__Your assignment__:
Starting from the first line, set down the entire listing exactly.

__Source material__:
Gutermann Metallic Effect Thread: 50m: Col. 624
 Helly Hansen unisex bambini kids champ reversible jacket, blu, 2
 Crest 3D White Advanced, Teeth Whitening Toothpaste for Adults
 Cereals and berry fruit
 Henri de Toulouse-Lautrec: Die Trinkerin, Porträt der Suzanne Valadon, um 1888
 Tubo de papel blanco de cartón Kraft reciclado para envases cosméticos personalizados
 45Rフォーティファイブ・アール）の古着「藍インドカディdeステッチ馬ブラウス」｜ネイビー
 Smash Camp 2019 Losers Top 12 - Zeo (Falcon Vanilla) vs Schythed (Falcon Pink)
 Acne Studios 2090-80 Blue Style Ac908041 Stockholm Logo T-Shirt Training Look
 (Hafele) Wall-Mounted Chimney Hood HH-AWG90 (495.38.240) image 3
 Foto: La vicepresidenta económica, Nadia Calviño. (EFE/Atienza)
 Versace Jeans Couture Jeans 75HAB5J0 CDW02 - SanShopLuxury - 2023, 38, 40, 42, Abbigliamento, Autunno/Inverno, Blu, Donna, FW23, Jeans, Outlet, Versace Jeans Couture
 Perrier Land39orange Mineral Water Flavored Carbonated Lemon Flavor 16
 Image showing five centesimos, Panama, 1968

__Completed exercise__:
Gutermann Metallic Effect Thread: 50m: Col. 624
 Helly Hansen unisex bambini kids champ reversible jacket, blu, 2
 Crest 3D White Advanced, Teeth Whitening Toothpaste for Adults
 Cereals and berry fruit
 Henri de Toulouse-Lautrec: Die Trinkerin, Porträt der Suzanne Valadon, um 1888
 Tubo de papel blanco de cartón Kraft reciclado para envases cosméticos personalizados
 45Rフォーティファイブ・アール）の古着「藍インドカディdeステッチ馬ブラウス」｜ネイビー
 Smash Camp 2019 Losers Top 12 - Zeo (Falcon Vanilla) vs Schythed (Falcon Pink)
 Acne Studios 2090-80 Blue Style Ac908041 Stockholm Logo T-Shirt Training Look
 (Hafele) Wall-Mounted Chimney Hood HH-AWG90 (495.38.240) image 3
 Foto: La vicepresidenta económica, Nadia Calviño. (EFE/Atienza)
 Versace Jeans Couture Jeans 75HAB5J0 CDW02 - SanShopLuxury - 2023, 38, 40, 42, Abbigliamento, Autunno/Inverno, Blu, Donna, FW23, Jeans, Outlet, Versace Jeans Couture
 Perrier Land39orange Mineral Water Flavored Carbonated Lemon Flavor 16
 Image showing five centesimos, Panama, 1968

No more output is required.